4       Austin, Nichols & Co Inc v Stichting Lodestar [2007] NZSC 103, [2008] 2 NZLR 141.

5       Kacem v Bashir [2010] NZSC 112, [2010] NZFLR 884 at [32].

[43] Mr O’Neill, appearing for Mrs Bones, submitted that Mrs Wright has received a large proportion of the estate, that the deceased had been consistent in her wishes in each of the wills she made starting in 2001, that the amount left to Mrs Wright was more than sufficient to meet the moral duty owed to her, and that there has been no breach of the duty owed by Mrs Simpkins as a wise and just testator. He emphasised that the Court should not re-write a will, simply because it may consider that the will is unfair to a family member, and that it is not for the Court to be generous with a testator’s property beyond ordering such provision as is sufficient to repair any breach of moral duty.

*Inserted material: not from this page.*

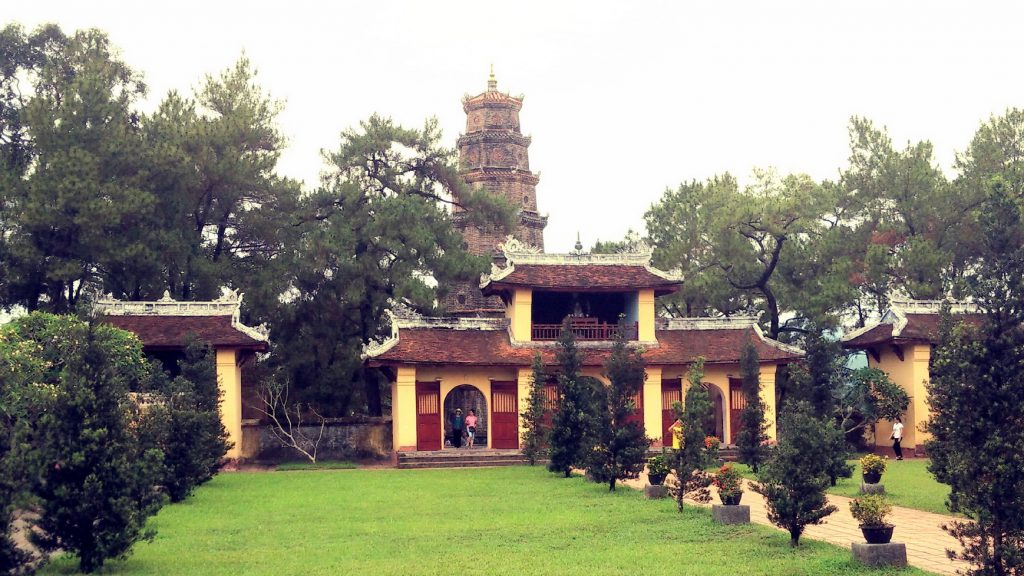 H04-khanhlinh-Thien-Mu-Pagoda--1024x576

[44] Ms Leaf submitted that Mrs Simpkins owed a moral duty to Mrs Wright as her only child, and that Judge Cocurullo correctly found that Mrs Simpkins failed to make adequate provision from her estate for the proper maintenance and support of Mrs Wright. She pointed to the parlous financial position of her client. She argued that there was no error of  law  made  by  Judge Cocurullo,  and  submitted  that Mrs Bones has been unable to point to any specific error in the Judge’s approach.

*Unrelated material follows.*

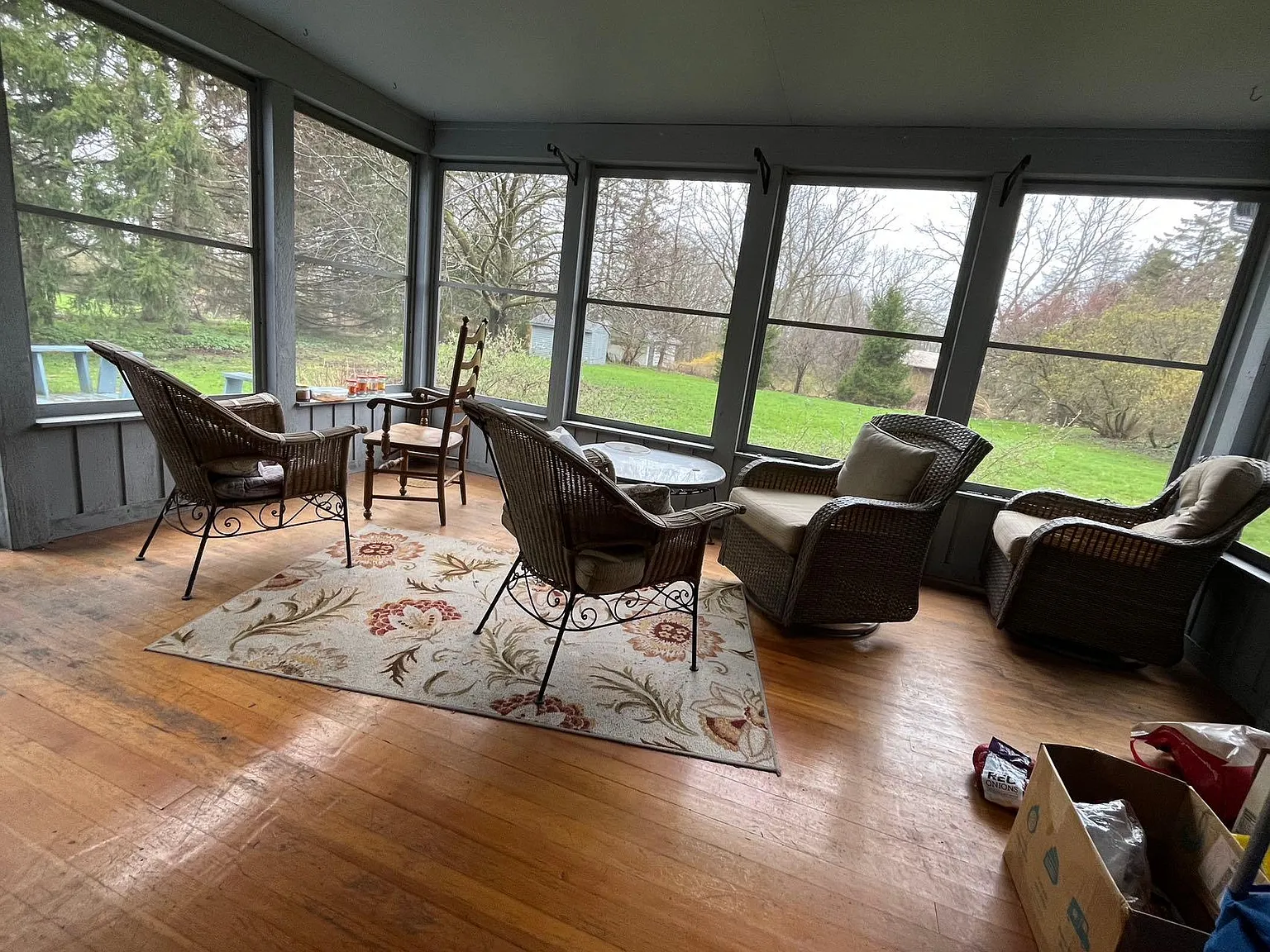 5 bed, 2.5 bath, 3680 sqft, $950 — Photo 3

[45]    Section 4(1) of the Family Protection Act provides as follows:

4        Claims against estate of deceased person for maintenance

(1)If any person (referred to in this Act as the deceased) dies, whether testate or intestate, and in terms of his or her will or as a result of his or her intestacy adequate provision is not available from his or her estate for the proper maintenance and support of the persons by whom or on whose behalf application may be made under this Act, the court may, at its discretion on application so made, order that any provision the court thinks fit be made out of the deceased's estate for all or any of those persons.

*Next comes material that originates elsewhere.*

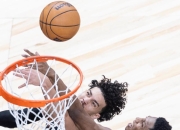 爱游戏大厅-猛龙全队表现出色，主场大胜奇才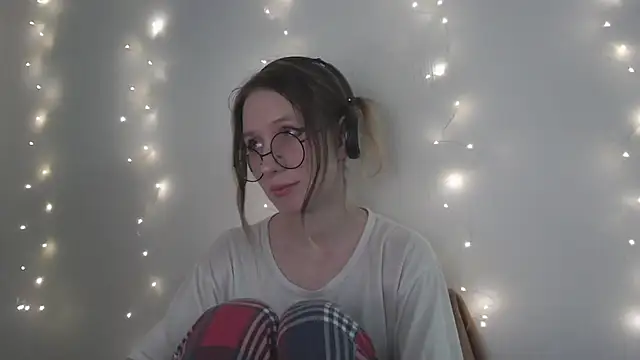 Snapshot of _Hanna_Moon_ chatting on December 5, 2025, 10:13 am Hanna Moon online show from December 5, 2025, 10:13 am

[46] As has been noted by various commentators, the substance of this provision has not changed since 1900, when the Testators Family Maintenance Act passed into law. However, the court's exercise of the discretion conferred on it has moved significantly.6

6       Nicola Peart (ed) Brookers Family Law — Introduction to the Family Protection Act 1955 (online looseleaf ed, Brookers) at FP Intro.03 and FP 4.01; WM Patterson Law of Family Protection and Testamentary Promises (4th ed, LexisNexis, Wellington, 2013) at chapter 2.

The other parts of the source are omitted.